Resurrecting MPI and Java
Back in the ’90s, there was a huge bubble of activity about Java in academic circles. It was the new language that was going to take over the world. An immense amount of research was produced mapping classic computer science issues into Java.
Among the projects produced were several that tried to bring MPI to Java. That is, they added a set of Java bindings over existing C-based MPI implementations. However, many in the HPC crowd eschewed Java for compute- or communication-heavy applications because of performance overheads inherent to the Java language and runtime implementations.
Hence, the Java+MPI=HPC efforts didn’t get too much traction.
But even though the computer science Java bubble eventually ended, Java has become quite an important language in the enterprise. Java run-time environments, compilers, and programming models have steadily improved over the years. Java is now commonly used for many different types of compute-heavy enterprise applications.
Hadoop, for example, is a Java-based environment used for big data crunching. Not only is the Hadoop run-time itself written in Java, but client applications that implement the “reduce” part of the “map/reduce” model are also usually written in Java.
It is the Hadoop community who has presented the idea of re-introducing Java for MPI. Their idea is that the “reduce” applications are getting larger and more computationally expensive. Hence, they want to parallelize their computations by spreading across multiple processor cores.
With parallelization, they want to have efficient inter-process communication (IPC) between cores.
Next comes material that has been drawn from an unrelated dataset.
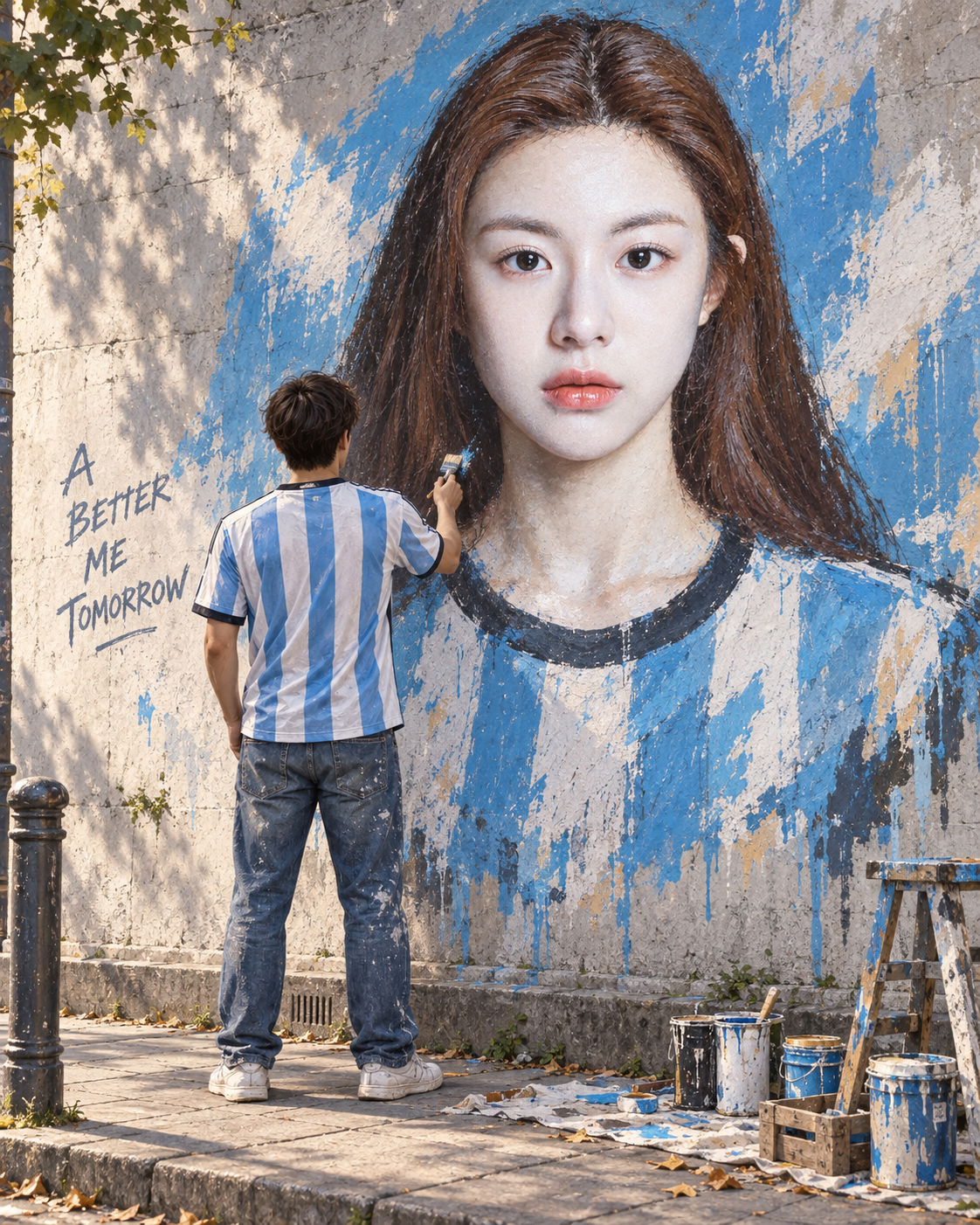Man Painting His Surreal Mural Portrait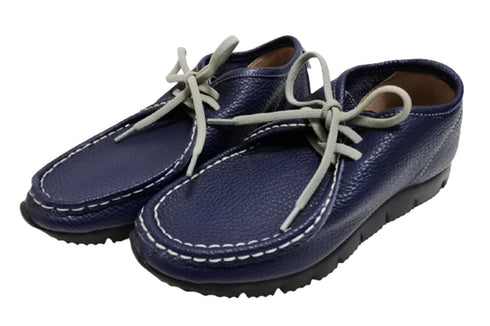 【arui_toe 3590BL ネイビー】本革コンフォートモカシン靴紐シューズ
MPI is a well-established IPC API, so why re-invent the wheel? Just add some reasonable Java MPI bindings to an underlying C MPI implementation (or even a Java class library with some nice Java-ish abstractions).
We have a side project going on in Open MPI to do just that. We revived one of the old MPI Java bindings projects, brushed off the dust, spruced it up a bit, and have integrated it as a set of bindings on top of the Open MPI core.
There’s still some issues to work out, such as some language-specific peculiarities in Java, how to integrate with MPI’s static computation model at run-time, etc. But this might be an interesting start.